Out of everybody who’s been around St-Pierre, Zahabi speaks to him the least about a timetable for a comeback. But what he does see is the fire in St-Pierre’s eyes whenever he trains in Montreal.
He said that St-Pierre has been keeping himself in top condition, and that his weight is still close to where it was when he walked away from the game after defending his belt for the ninth time against Johny Hendricks at UFC 167. Mainly, though, he just thinks the competitor in St-Pierre won’t allow him to go so gentle into that good night.
"I know Georges so well, I know him better than himself," Zahabi told Ariel Helwani on Monday’s The MMA Hour. "I know Georges. I don’t know if he can walk away. I don’t think he can. I never talk to him about this stuff, because when I see him — everybody’s been asking him every single day everywhere he goes. I know that because everybody’s asking me every single day who he’s fighting.
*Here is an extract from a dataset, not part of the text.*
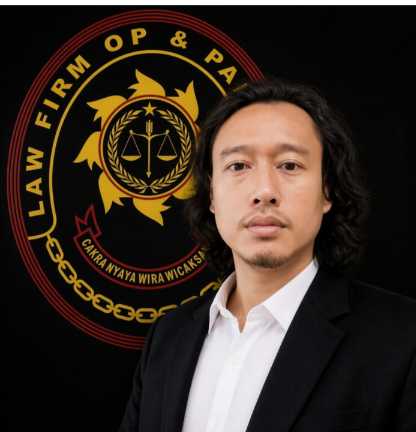 Oki Prasetiawan SM, SH, MH, CLMA Mengecam Tindakan Anarkis:Pengeroyokan Advokat di Bandung adalah Pelanggaran Terhadap Hukum dan Kemanusiaan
"I just personally think he cannot sit on the sidelines for too long. That’s just the type of guy Georges is. He’s just that type of personality. He has to compete. And when he’s really done with fighting one day, he’s going to compete in something else. He’s just a competitor. I don’t know if he’s going to take up golf or something, but he’s going to compete the rest of his days. And I think that itch hasn’t gone."
Zahabi, who has been coy on the matter of St-Pierre’s return for the last year-and-a-half, says he misses seeing GSP in the Octagon.
"I really hope he does come back because I’m such a fan of his fighting," he said. "That’s the truth. He doesn’t need to come back, I don’t need him to come back, I think he’s amazing…I just want him to come back because I’m a fan. And if he wants to come back or not I’ll support him. I don’t think he owes anybody anything, so I’m behind Georges 100 percent. But I think he’s a hardcore competitor. His psyche is built to compete, and he’s going to do it eventually one way or another, whether it’s in MMA or something else."
St-Pierre ceded his belt and put himself on hiatus in Nov. 2013. At the time he cited his own obssessive nature over competing — and the mounting tensions and anxieties that come with it — as his reasons. He also bemoaned the UFC’s drug testing policies at the time, alluding to a rampant problem with PEDs in the promotion.
Since then the UFC has addressed the issue by commissioning a dedicated third-party agency — the United States Anti-Doping Agency (USADA) — to randomly test its athletes out of competition. And as far as the landscape goes, it’s now Robbie Lawler at the top of the heap.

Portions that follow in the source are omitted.